▶ **EXERCISE GOAL**: Below are the records. Reproduce exactly the lines from the one containing "Pokémon Pok?mon PKW" through the final line, and omit any pictures.

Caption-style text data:
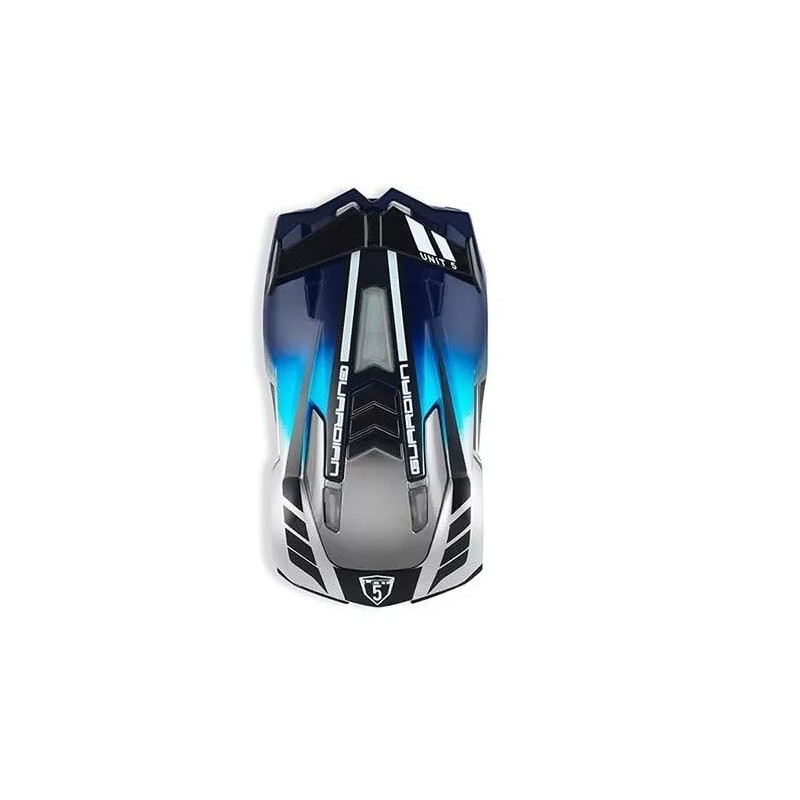 Anki Overdrive GUARDIAN Police Expansion Supercar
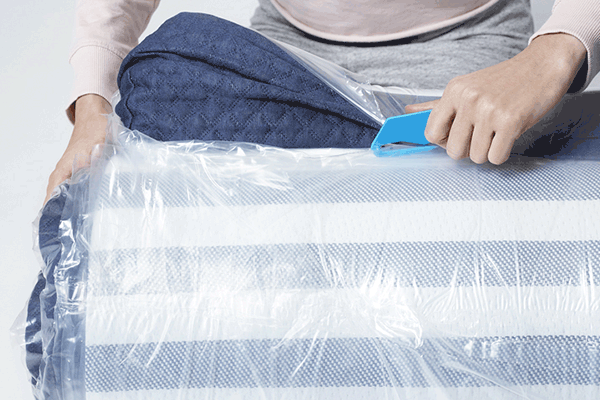 matelas-albert-livraison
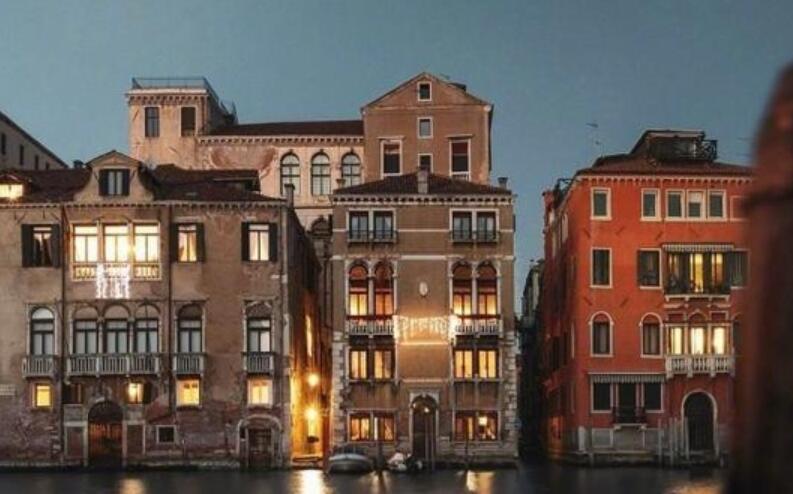 形容很痛心的句子文案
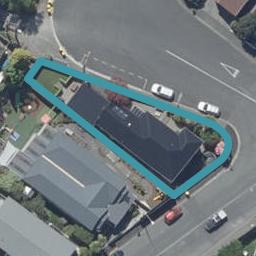 71 Highgate, Belleknowes, Dunedin
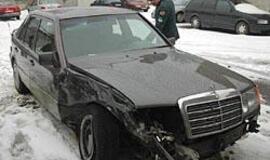 Sūnaus pagalba tėvui - instrukcijos kolegoms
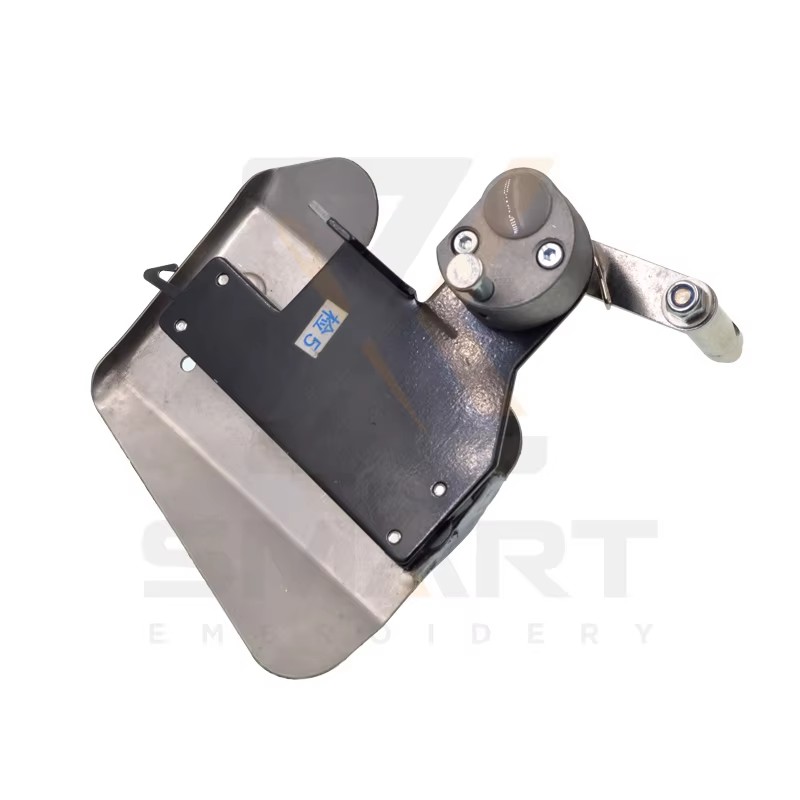 Upper Thread Hook Wiper Ass'y Hiina puurimismasinale C0101CN05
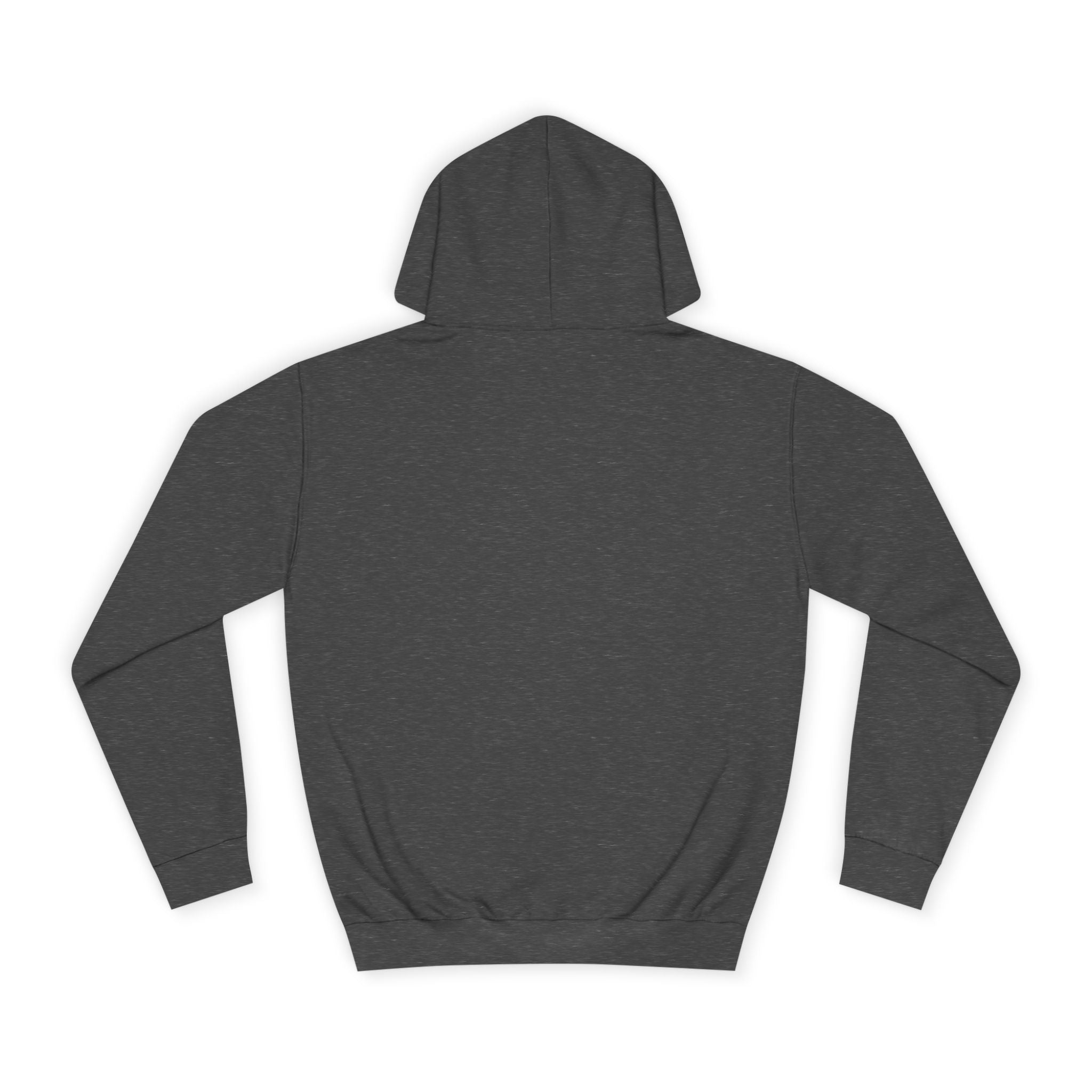 Edgar Allan Poe's The Raven Hoodie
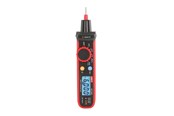 Måleutstyr - UNI-T Uni-T UT118C digitalt multimeter i pennestil - UT118C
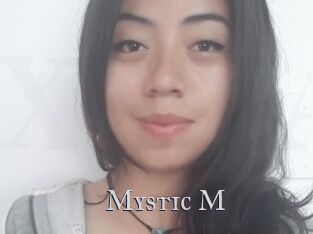 Mystic_M
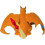 Pokémon Pok?mon PKW - 12" Plush (Charizard) - W12 4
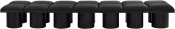 466Black-14C alternate view 2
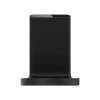 Mi Wireless Charging Stand 20W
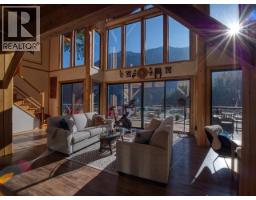 13168 Powell Lake, Powell River, BC  Photo 27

▶ **ANSWER SPACE**:
 Pokémon Pok?mon PKW - 12" Plush (Charizard) - W12 4
 466Black-14C alternate view 2
 Mi Wireless Charging Stand 20W
 13168 Powell Lake, Powell River, BC  Photo 27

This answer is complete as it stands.